The series of provocations in the Gulf by the Islamic Republic of Iran, beginning with the sabotage of four vessels in mid-May, culminated last Friday in the illegal seizure by the Iranian Revolutionary Guard Corps Navy (IRGCN) of the British-flagged and operated Stena Impero oil tanker, followed shortly thereafter by the seizure of the Liberian-flagged, British operated MV Mesdar in the Strait of Hormuz. Only the Mesdar has been released. This episode has served to demonstrate the serious defence issues confronting Boris Johnson, the incoming United Kingdom (UK) Prime Minister, which have to be dealt with immediately and cannot be pushed off into the future when the domestic turbulence over Brexit has abated.
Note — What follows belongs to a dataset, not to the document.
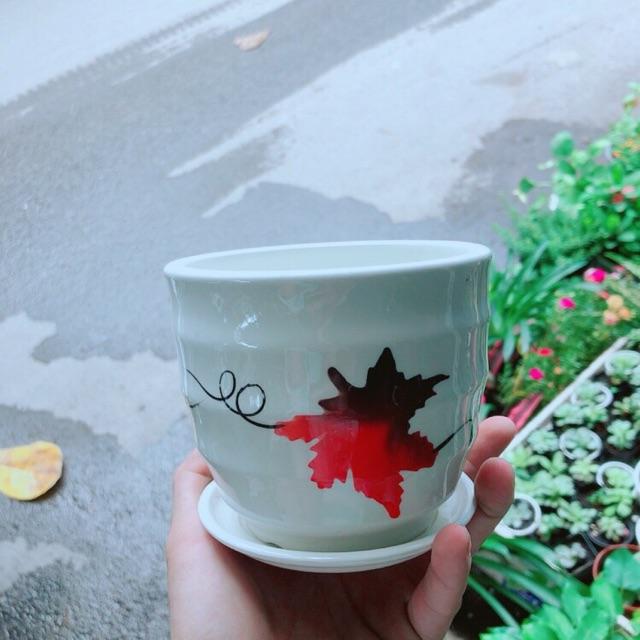 Chậu Trồng Cây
The problem set from Iran is clear. First, the clerical regime’s consistent defiance of the rules-based international order. Second, Iran’s challenge to both the US and the UK in the region, aiming to use low-risk, sub-threshold military means, including the use of unmanned aircraft system (UAS) technology and “deniable” proxies, to dismantle the Western security architecture in the Middle East. And third, the UK and the US will need to divert significant military resources to counter this sub-threshold threat.
Over the last two months, Iran has pursued a strategy of destabilisation in the Gulf, particularly in the narrow Strait of Hormuz – only 13 miles wide at its narrowest point. Utilising proxy actors directed by its Islamic Revolutionary Guards Corps (IRGC), Tehran has repeatedly fired ballistic missiles at the Saudi capital from Yemen, attacked Saudi-owned oil tankers off the coast of the United Arab Emirates at Fujairah with mines, and sabotaged the Marshall Islands-flagged Front Altair and Panama-flagged Kokuka Courageous oil tankers in the international waters of the Gulf of Oman, among other things.